From the line that contains "Free Gift Women" to the last line of the entries, set down each line exactly as written, both ends included, with nothing else.

→ The records:
===
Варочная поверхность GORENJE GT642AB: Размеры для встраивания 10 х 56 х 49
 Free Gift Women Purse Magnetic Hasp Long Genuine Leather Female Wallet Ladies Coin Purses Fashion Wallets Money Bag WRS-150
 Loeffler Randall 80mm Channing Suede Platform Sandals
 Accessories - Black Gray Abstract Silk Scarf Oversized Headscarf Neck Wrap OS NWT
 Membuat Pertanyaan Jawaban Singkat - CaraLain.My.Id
===
→ Your response:
 Free Gift Women Purse Magnetic Hasp Long Genuine Leather Female Wallet Ladies Coin Purses Fashion Wallets Money Bag WRS-150
 Loeffler Randall 80mm Channing Suede Platform Sandals
 Accessories - Black Gray Abstract Silk Scarf Oversized Headscarf Neck Wrap OS NWT
 Membuat Pertanyaan Jawaban Singkat - CaraLain.My.Id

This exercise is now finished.